The State Information Center, a think tank under the National Development and Reform Commission, said in a report Thursday that it expects gross domestic product to grow around 8.3% this year.
GDP expanded by 8% in 2002. China's economy has "successfully overcome the outbreak of SARS and the war in Iraq" and has maintained its fast-paced growth, the State Information Center said in the report, which was published in the China Securities Journal.
In the report, there were three growth scenarios for next year and three GDP growth rates - 8%, 8.5%, and 9% - and the think tank concluded that a "suitable" growth rate for 2004 would be around 8.5%.
Also, the center expects fixed asset investment to grow 20% this year and M2 growth to come in at 19.5% at the year-end.
The center forecast retail sales to rise 8.6% this year, compared with an 8.8% rise last year. It attributed the slight slowing in growth to the SARS outbreak.
Imports would increase by 36.5% this year, a jump from last year's increase of 21.2%, while exports would rise 27.4% this year, compared with 22.3% last year.

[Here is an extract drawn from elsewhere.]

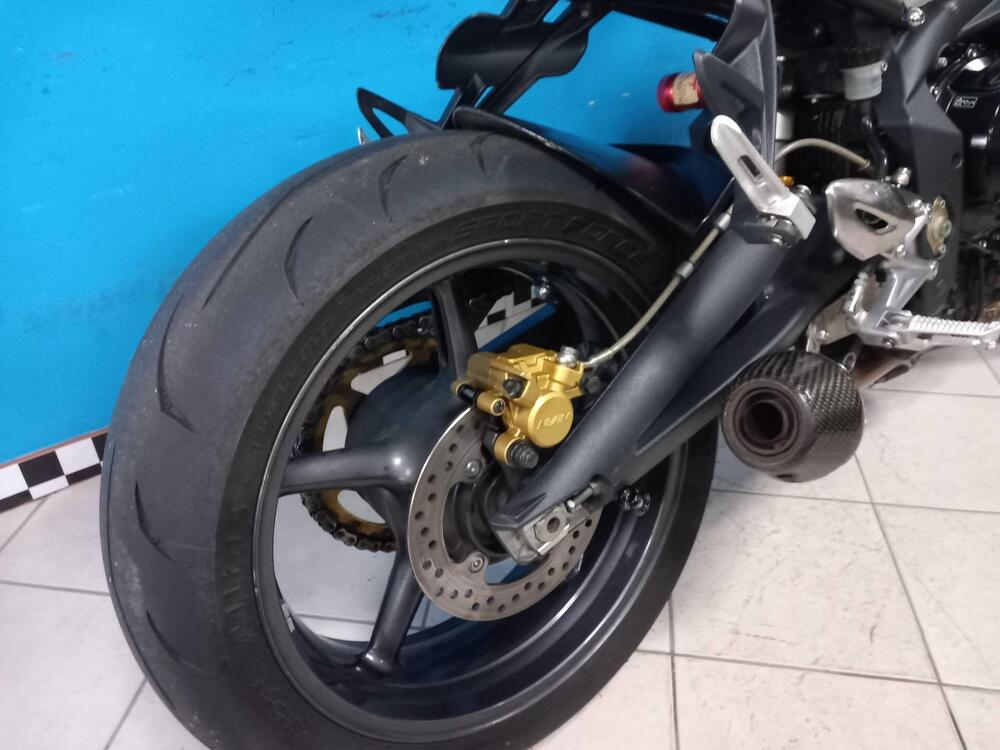 Triumph Street Triple (2007 - 12) (13)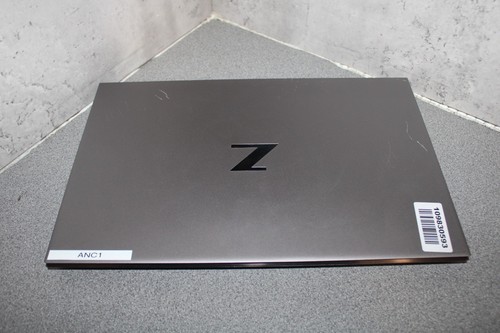 HP ZBook Studio 15.6" G8 Core i9 11950H 32GB RAM 512GB M.2 Nvidia RTX A2000 GPU - Afbeelding 4 van 5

The rise in imports, which consist largely of raw material and machinery, would mean a sharp decrease in the trade surplus this year to an estimated US$11.8 billion from US$30.35 billion last year, the center said.
The think tank said there was little danger of inflation, as consumption, which accounts for about 60% of China's GDP, was increasing at a gradual pace, adding that overall investment wasn't yet excessive.
However, it warned that some "unreasonable" investments were starting to take place, led mainly by local governments. In the first seven months, fixed asset investment by the central government fell by 8.9% on year, while investments by local governments rose by 41.6%.
"As a 'tacit rule,' GDP growth is actually used as a way to evaluate local government officials, and that motivates unreasonable investments," said the think tank, adding that if such investments continue it would result in " overheating."
It said local governments were often the ones adding to the risk of overheating in the automobile and steel sectors.
On next year's economic growth, the center said it thought 8.5% would be a suitable increase, as such a rate would help prolong the expansion period of China's economy. At that pace, the main driver for the economy would be a rise in domestic demand and "international resources," rather than a major shift in macro economic policy.
It also suggested that at that growth rate the government should issue about 100 billion yuan (US$1=CNY8.28) worth of construction bonds, and target an increase in broad M2 money supply of about 17% next year. Fixed asset investments growth would be about 16%, and retail sales would grow at a rate of about 9.8% in 2004.